Pourtant, c’est bien le dernier métier qu’il voulait exercer. La faute à son père, proche du leader de l’OLP Yasser Arafat, qui avait fondé l’agence de presse palestinienne Wafa dans les années 1970. Pour mieux s’en affranchir, Rami Abou Jamous se serait plutôt vu… ingénieur. Grâce à une bourse du centre culturel français de Gaza, il avait même démarré des études à Aix-en-Provence – d’où son excellent français. Mais il a dû rentrer en 1999 à Gaza après la mort du paternel, qui avait accompagné le retour du leader du Fatah dans le territoire palestinien cinq ans plus tôt. Après quelques années à travailler comme fonctionnaire au sein de l’Autorité palestinienne, Rami Abou Jamous se retrouve sans emploi après la victoire du Hamas aux élections, fin 2006.

    Tous les journalistes francophones ont eu un jour affaire à Rami dans la région. Rami est quelqu’un d’étonnant : il n’est pas de Gaza mais a développé un amour incroyable pour cette ville.

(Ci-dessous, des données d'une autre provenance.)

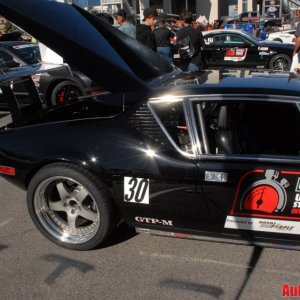 AG-SEMASHOW-1790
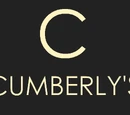 Cumberly's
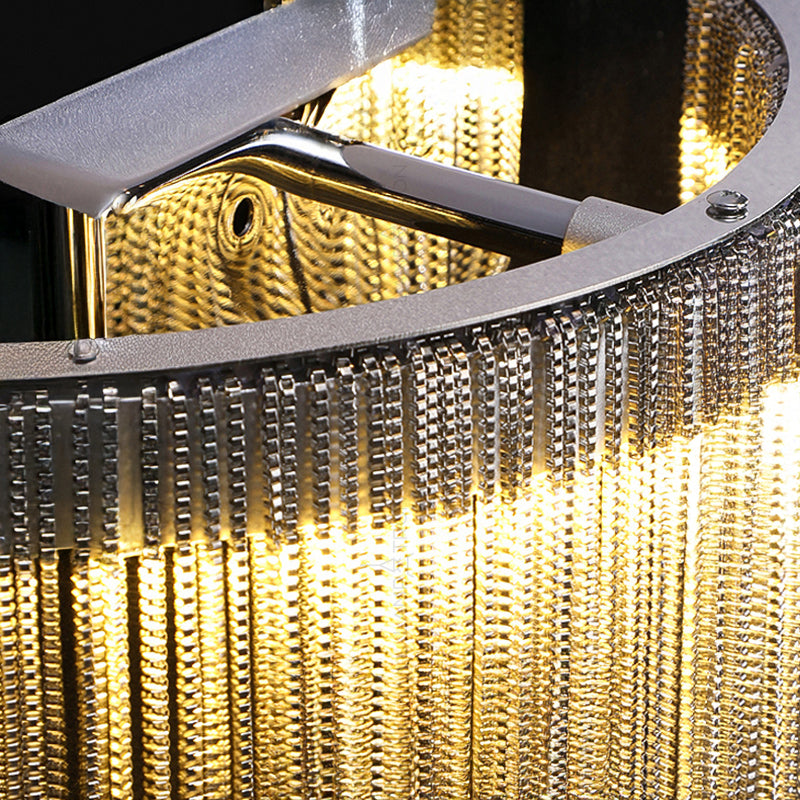 CONCORDIA WALL Wall light fixture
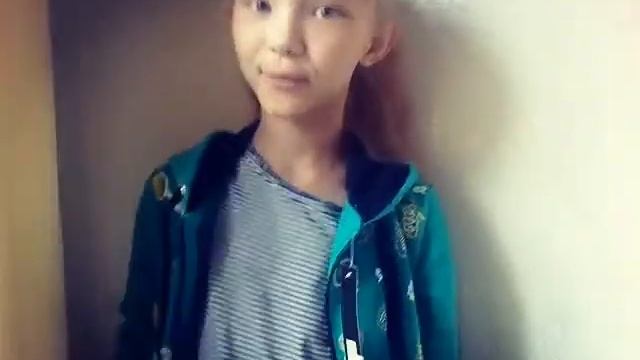 Моя одежда в школу/Back to school!!! смотреть онлайн
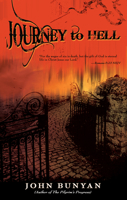 Journey To Hell 0883685833 Book Cover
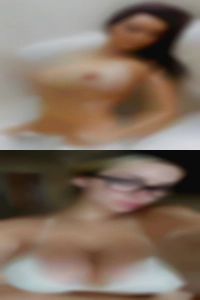 TiaTownill1983, nude swingers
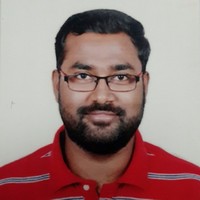Vikash Kumar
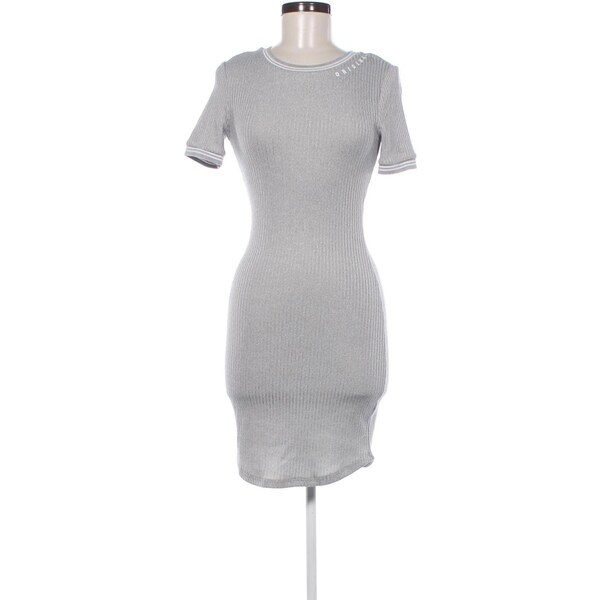 Šaty H&M Divided 64761778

Benjamin Barthe, chef adjoint du service international du Monde

« Après six mois sans salaire, j’ai donné un coup de main à un ami qui travaillait dans une boîte de production, explique-t-il. Il avait besoin d’un fixeur [traducteur et guide pour les journalistes en reportage, ndlr] pour un reporter de L’effet papillon de Canal+, Thomas Zribi. J’ai vraiment commencé par hasard dans le métier. » Ses compétences feront le reste, on s’échange activement son numéro entre reporters. « Tous les journalistes francophones ont eu un jour affaire à Rami dans la région, confirme Benjamin Barthe, chef adjoint du service international du Monde, correspondant à Ramallah en 2007. À chaque guerre, je l’appelle. Rami est quelqu’un d’étonnant : il n’est pas de Gaza [il est né à Beyrouth, ndlr] mais a développé un amour incroyable pour cette ville, qu’il a le talent de transmettre à ceux avec qui il bosse. » Il se souvient des nombreux repas partagés sur la plage, des soirées bédouines avec four aménagé dans le sable.

 

Aujourd’hui, Rami Abou Jamous travaille régulièrement pour France 24, TF1, Arte et Orient XXI, et ponctuellement pour (beaucoup) d’autres. « Le vrai but, c’est de parler de Gaza tout le temps, surtout dans les médias français », confie-t-il.  « Vu tout ce qu’il a traversé jusqu’ici, c’est un miraculé, souffle Cyril Payen, grand reporter à France 24, qui l’a rencontré en 2014. On a vraiment besoin de lui en vie. » Dans ses posts et ses vidéos, Rami Abou Jamous évoque aussi sa vie de famille, notamment la façon dont son fils Walid, aujourd’hui âgé de 3 ans, traverse la guerre. Souvent avec légèreté, comme lorsqu’il raconte les zigzags en voiture pour s’enfuir de Rafah ou comment il a fait jouer son fils au campeur en arrivant à Deir el-Balah. « C’est dur de faire le clown, de faire croire que tout va bien, lit-on dans son Journal de bord de Gaza (éd. Libertalia-Orient XXI, 18 euros), qui regroupe des chroniques parues entre le 21 février et le 29 octobre 2024. Les enfants d’aujourd’hui transmettront à leurs enfants l’angoisse et la violence qu’ils sont en train de vivre. »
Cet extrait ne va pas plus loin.